I'd been feeling anxious about my new offerings for a couple weeks, even though I couldn't really figure out why. I did all the exhausting work right, I'd done the research, I knew the best way to print my files, and the best way to offer files for customers to print at home, but something in me didn't feel ready. However, I figured my files were as ready as they were ever going to be, and kept ignoring what I thought was just me being over-critical.

Then tonight it dawned on me as I pored over copies of my prints: my cute little canvas sets with their simple, charming art silhouettes don't translate well as scanned art.

I took all the time to scan each hand-painted canvas, edited slightly in Photoshop, and called it good, but the result wasn't perfect. I realize now that a hand-painted image has a different charm with slight imperfections, canvas textures and brushstrokes, but as a digital file, it would look better made completely from digital elements, at least for this particular style. I knew from the start that my canvas sets could be easily digitally reproduced from scratch, but I wanted to maintain my integrity as a handmade artist and use my own personal art as opposed to clip art that anyone could do. A great ideal, but not a great result, at least in my experience.

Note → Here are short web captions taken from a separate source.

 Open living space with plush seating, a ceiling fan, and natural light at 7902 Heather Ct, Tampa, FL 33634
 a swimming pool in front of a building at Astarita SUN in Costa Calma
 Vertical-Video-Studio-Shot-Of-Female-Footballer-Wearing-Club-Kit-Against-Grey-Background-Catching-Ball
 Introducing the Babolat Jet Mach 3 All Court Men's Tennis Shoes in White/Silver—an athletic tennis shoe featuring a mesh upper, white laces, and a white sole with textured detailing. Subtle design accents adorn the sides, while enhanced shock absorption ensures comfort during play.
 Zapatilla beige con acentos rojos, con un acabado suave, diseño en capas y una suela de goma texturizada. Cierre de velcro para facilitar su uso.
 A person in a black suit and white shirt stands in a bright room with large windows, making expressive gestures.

So what happens when you fail? You can give up, or you can...
There is good news! The fact that I became more critical of my work is because, since this project began about a month ago, my Photoshop skills have improved immensely! What was 'good enough' before, I now can remake even better! However, re-doing all those hours of hard work sounds overwhelming, and I plan on taking a break from it in order to focus on my original project that was my inspiration to create these prints in the first place!

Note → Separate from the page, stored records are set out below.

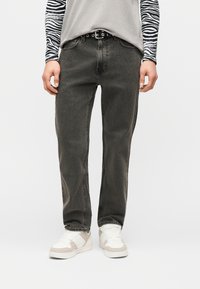 Άτομο που φοράει ξεθωριασμένο μαύρο τζιν με ευθείες μπότες, λευκά και μπεζ αθλητικά παπούτσια, μακρυμάνικα με σχέδιο ζέβρας κάτω από γκρι μπλουζάκι, όρθιο.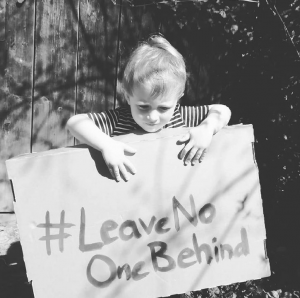 Junge mit #leavenoonebehind Plakat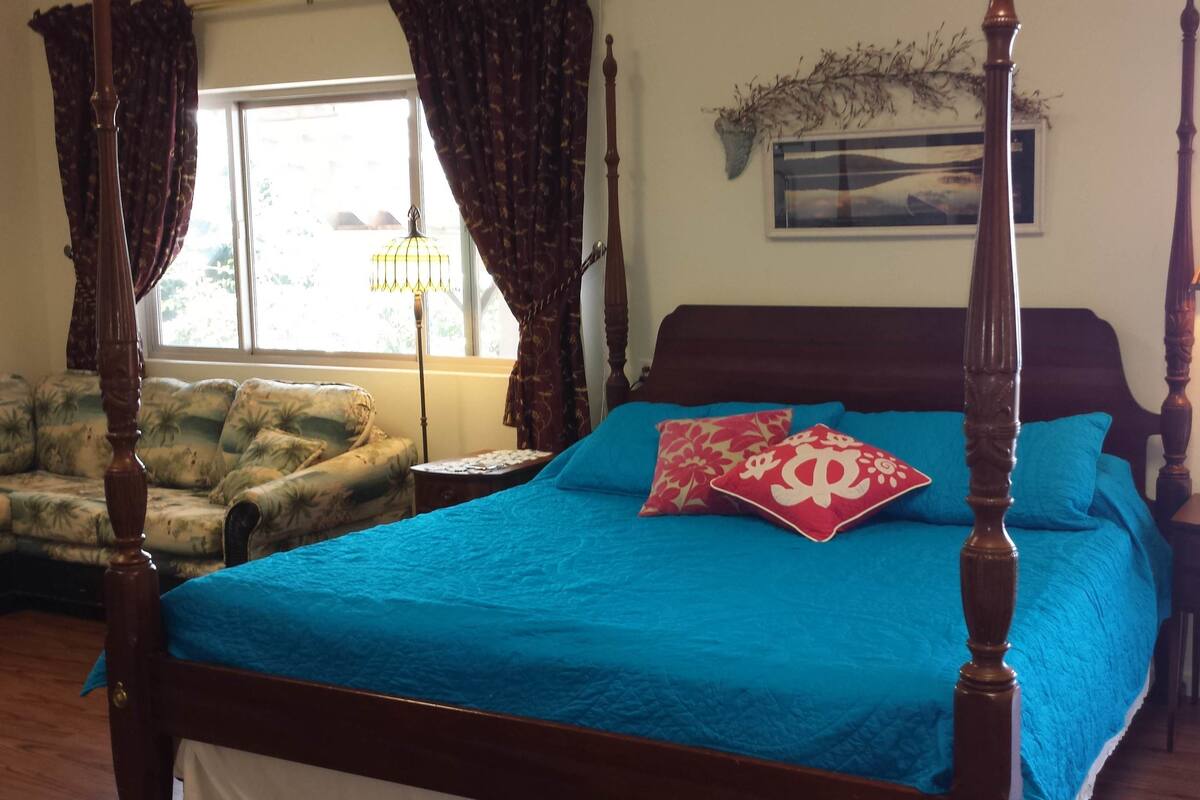 A four-poster bed with a blue bedspread and two decorative pillows, a wooden nightstand with a lamp, a floral-patterned armchair, and a window with curtains.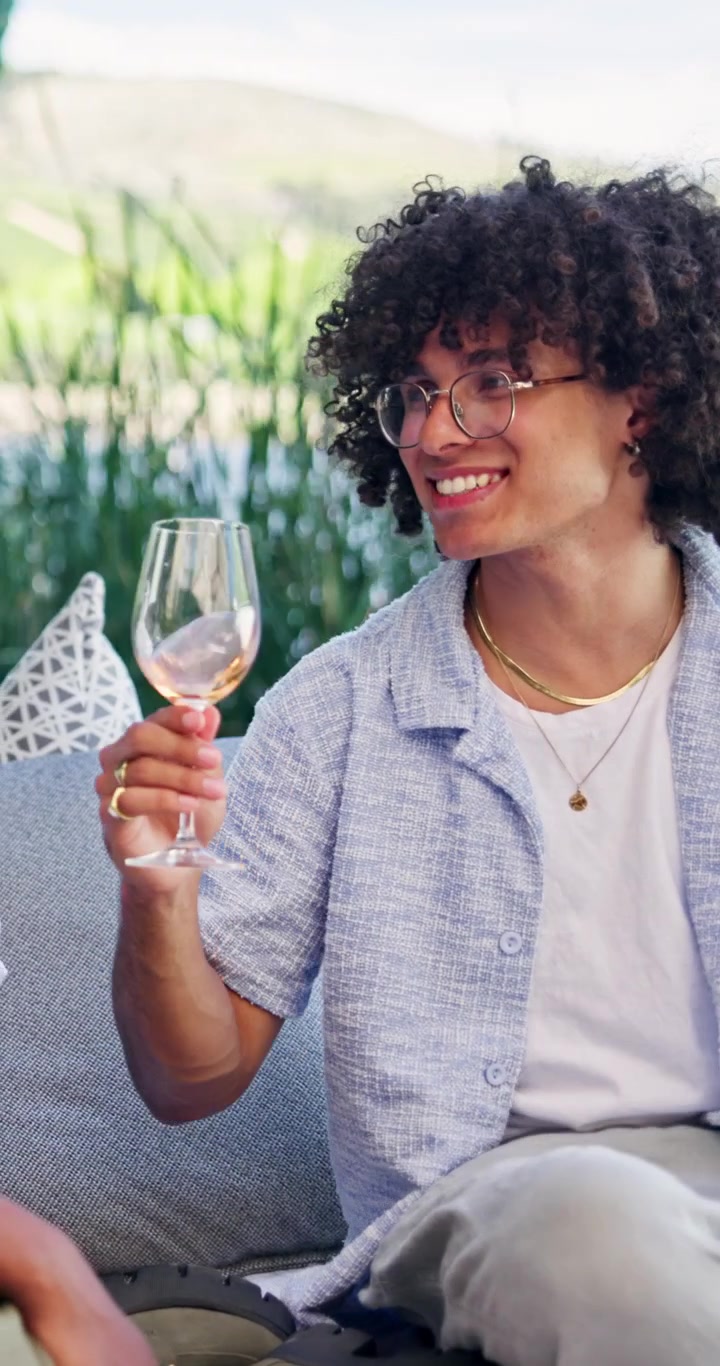 Young Man Enjoying Wine During Outdoor Social Gathering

Making these prints gave me the skills and info I need to proceed with my project that I wouldn't have had before. So this 'failure' was worth something! And if I keep getting stuck perfecting my failure, I will never get started on what I'm really excited about. So there it is, I failed, it sucks, I'm mourning its loss, but now I'm letting myself move on for the time being and focus on my mystery project.

And not every digital file was scrapped! I created one piece that is more the direction I think I should go in terms of digital files and prints. The artwork is still handmade, yet was designed and created specifically to be a print, and translates beautifully as a digital file:
It's a bummer to feel like I'm starting over, but I think it's actually a great place for me to be.

How have you turned failures around?